Typically, there are two ways to get access to the internet; cellular data and via a broadband service provider. Cellular providers principal objective is to serve the mobile device needs of a person on the go, while a broadband service provider or internet service provider (ISP) serves fixed location access like a home or business.

Cellular data, while broadly available, is expensive and without the latest phone and proximity to a tower can be lacking in performance. If the population in a particular area is dense and there are many phones accessing the same tower, the performance will be degraded. Cellular networks also have the burden of paying for the license to use the frequencies dedicated to cell phone service. Add this all up and cellular networks can be expensive, slow and unreliable.

Alternatively, an ISP will provide a fixed service that is reliable and usually has higher bandwidth than what is possible from a cell phone network. ISPs typically use co-axial cable, fibre, or radio connections to bring internet service to the home or business. These connections then provide Wi-Fi or ethernet connectivity to the subscriber. The ISP is targeting the fixed broadband users and is not dependent on cellular spectrum. The challenge for ISP’s is physically getting the service to the subscriber.

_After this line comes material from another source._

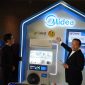 Product Manager Residential Air Conditioner Midea Electronics Indonesia, Windi Ario Wicaksono (kiri) dan RAC Manager Semarang Midea Electronics Indonesia, Muhammad Qidam (kanan) memperkenalkan Midea AC Celest Inverter, AC pintar berteknologi AI di Semarang pada Selasa, (2/12/2025).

One significant challenge for cable and fibre providers is that they must pull physical hardware in the form of co-axial cable or optical fibre to the location either by trenching underground or hanging the media from service poles. This is a slow and expensive process and is susceptible to licensing, access limitations, and physical damage. Install times are long and disruptive to existing infrastructure. Once installed, cable or fibre provides good service but must now recover the high expense of installation and they must deal with the possibility of vandalism.

Wireless radio connections have the benefit of installation speed, low cost and are less prone to vandalism because the signals fly overhead in the atmosphere. Early on in broadband deployment, it was believed that fibre and cable had a speed and latency advantage, but with today’s technology, there are wireless solutions that can deliver competitive bit rates with latencies often better than cable or fibre. Within the wireless realm there are generally three main options for deployment, including existing cellular networks, open unlicensed frequencies commonly used by Wi-Fi signals and mmWave signals in the unlicensed spectrum of 60GHz.

The signals that share spectrum with either the cell phone networks, or the Wi-Fi networks, can perform well in ideal circumstances but they are subject to crowding which can congest the signal and ultimately reduce performance. Congestion is particularly problematic in dense urban environments where an abundance of cell phones and Wi-Fi networks in close proximity requires the networks to share the available spectrum with a large number of networks and clients resulting in limited throughput. The congestion affects the performance at the device level and at the same time the backhaul signals are also overwhelmed. In the limit, between the competition for available spectrum and the overhead needed to manage all the traffic, performance can be reduced to a crawl. To make matters even worse, the available bandwidth at these frequencies does not support the data rates needed in the best of circumstances. When you combine a low performing solution in a congested environment, you end up with unsatisfactory service to the end user.

The solution to this problem is to move the primary data links to an unused frequency that isn’t competing with every cell phone and Wi-Fi network in the area. 60GHz mmWave to the rescue.

mmWave implies a short wavelength or high frequency radio signal. The 60GHz band, which is generally available depending on regional regulations, is defined as 57GHz to 71GHz with 6 channels available. Each channel has bandwidth allowing multi-gigabit capacity, meaning you can have networks right next to each other without interference. Once the signal has been delivered to the client, an ethernet output can be connected to a gateway and subsequent ethernet networks or a Wi-Fi hotspot for local wireless distribution of the bandwidth. Now, with a 60GHz radio, an uncongested signal can provide gigabit level performance to the middle of a dense population at a cost that is a fraction of pulling cable or fibre and with bandwidth far exceeding any other RF solution.

Imagine a world where internet costs are low enough to serve nearly everyone, with bandwidth that allows unlimited access to online resources. We can open the world of high-performance data to populations previously overlooked and unable to compete on a level playing field. 60GHz technology can deliver life-changing opportunities to those who need it most.

Consider 60GHz radios as a key part of your last-mile connectivity solutions.